What do you tell yourself when you feel like you can't train any more?
RR: I tell myself that I can force my body to do anything. If my little sister's life depended on me finishing a certain circuit, of course I would do it. If a woman can lift up a car to save her kid, I can finish any workout. It won't kill me. I don't need that situation to force my body to that limit. I just have to decide to be that motivated.

What's something about your body that would surprise us?
RR: I'm like a Monet. From far away, I can look like a prissy model, but when you come closer, you see the scars and the wear and tear of a fighter. That's probably the most surprising thing. I can put on an evening gown and walk around batting my eyelashes, but if I need to prove that I know how to throw down, I flip my hair over and show a gnarly ear.

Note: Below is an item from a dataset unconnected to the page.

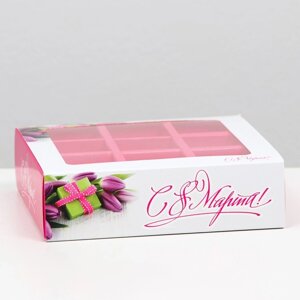 Коробка под 9 конфет с обечайкой "с 8 марта! тюльпаны, 13,7 х 13,7 х 3,5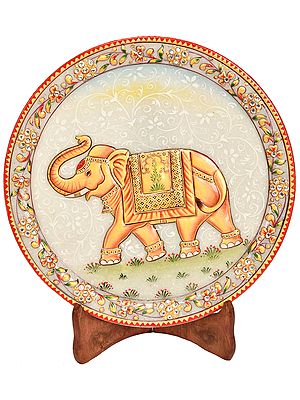 Decorated Elephant with Upraised Trunk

What injuries have you endured?
RR: Knee surgeries, separated AC joint, broken collarbone, broken more toes than I can count, broken foot, sprains in my knees and ankles. I've dislocated my elbow so many times that my ligaments are loose. I've broken my nose a couple of times; I have a deviated septum. My nose just squishes back, so I can get punched as much as I want and it's not going to deform. What can I say? It's a dangerous job.

Do you feel pain?
RR: I feel pain, but I acknowledge pain. Whenever I'm in pain or tired, I look at it as information being sent to my brain. Then I can take that information and decide what to do with it. My body is telling me it's in pain because it thinks I should stop, but I can beg to differ.

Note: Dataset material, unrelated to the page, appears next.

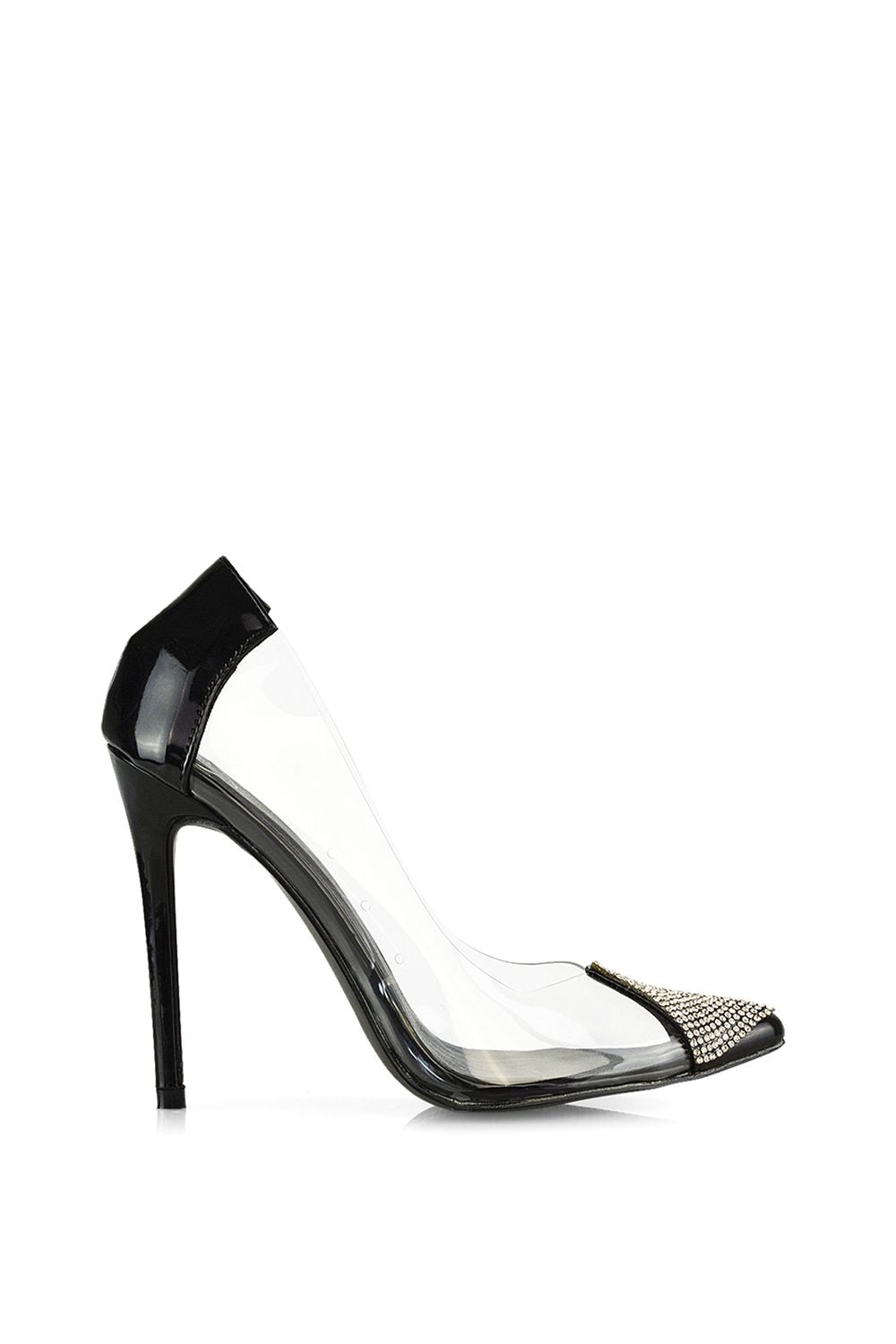 XY London 'Kaz' Pointed Toe Perspex Stiletto Court Heel Shoes With Diamante Detail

I'm trying to be the most dangerous unarmed woman in the world. I want to be remembered as somebody who had zero respect for the limits placed in front of her.

What was your best athletic moment -- a time when everything clicked and you felt completely in tune with your body?
RR: In 2007, I went through the whole Europe tour and needed to win a World Cup to pay my bills. The Hungarian World Cup was the last tournament, so it was the one I had to win. I went to the executive director and told him I was going to win and that he was going to take us out to eat because I wanted a nice steak in Budapest. For some reason, I was convinced there wasn't a person on earth who could stop me, and I walked through everyone in that tournament. It was a small tournament no one has heard of, but there wasn't a shadow of doubt in my mind that I would walk out of there with a gold medal on my way to a nice, fat steak.

What do you want people to know about you?
RR: I don't care about people's opinions. Nonfans pay tickets just as well as real fans. I just want them to remember me. I'm trying to be the most dangerous unarmed woman in the world while also being as pretty and feminine as possible. I want to be remembered as somebody who had zero respect for the limits placed in front of her.